Real chemists use single scaling, as in mg/L or ug/L. The medical industry should start practicing real chemistry, for, after all, those are real chemicals they are compounding, and every single chemical species is toxic at some concentration.

This is getting forwarded to my introductory students, who complain rather loudly when I don't give credit for incorrect drug calculations.

But ... "Stuff happens"? Wow. Just, ... wow.

Similar things have happened in the UK - for example http://www.pjonline.com/Editorial/20000311/news/babymanslaughter.html

Many pharmacys in the UK do not dispense extemporaneously, but order the product from specialist manufacturing companies - far safer and far more profitable.

Roy - mg/ml makes life straightforward and is safer than parts (i.e. 1 in 1000, 1 in 10,000). Far easier to prescribe amoxicillin 125mg/5ml 5ml three times a day, than amoxicillin 25,000mg/L, 5ml three times a day, which makes everyone have to think a lot more.

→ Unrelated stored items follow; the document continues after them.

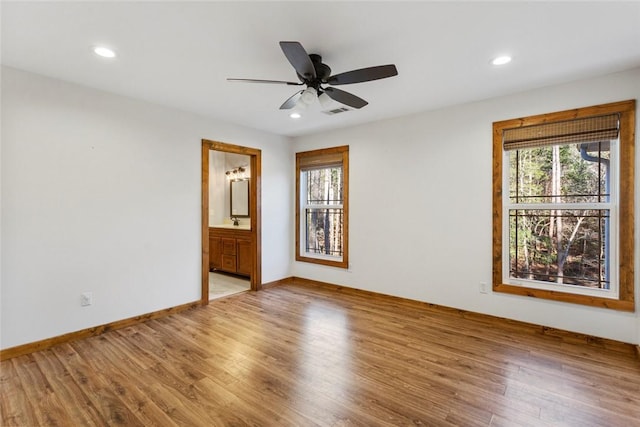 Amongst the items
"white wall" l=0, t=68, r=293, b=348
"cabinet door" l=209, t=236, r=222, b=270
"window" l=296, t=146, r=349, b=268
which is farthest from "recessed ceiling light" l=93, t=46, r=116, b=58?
"cabinet door" l=209, t=236, r=222, b=270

About six months ago, Methodist Hospital, here in Indianapolis, suffered three deaths in the pediatric ICU. The cause was traced to an incorrect dosage of heparin in the IVs.

Instead of loading an automatic dispenser with the pediatric vials, adult vials were loaded into the machine. A pharmacy tech and at least three RN's failed to read the labels correctly.

I pointed this out to my ANP students. Believe it or not, I got responses like "My sister knows one of those nurses, and she didn't mean to do that!"

Rick, glad you hold your students to such high standards. It really does matter!

Roy and ukcommunitypharmacist, I also prefer to use mg/mL in the lab when not working in molarity. I think I may have spotted another reason why this ten-fold error occurred as detailed in this post.

fusilier, I guess we've got to do a better job of convincing our students that they really are the last check between the pharmacy and the patient. Checking and doublechecking are the responsibilities of a profession.

"Real chemists use single scaling, as in mg/L or ug/L"

I'd like to meet these real chemists. Just today I've read papers with both ug/ml and mg/l (as well as an assortment of other concentration units).

@UKComPharm, unless I misunderstand, this [i]was[/i] a "specialist manufacturer." This well-illustrates a big problem with "compounding" pharmacies- no quality control analysis.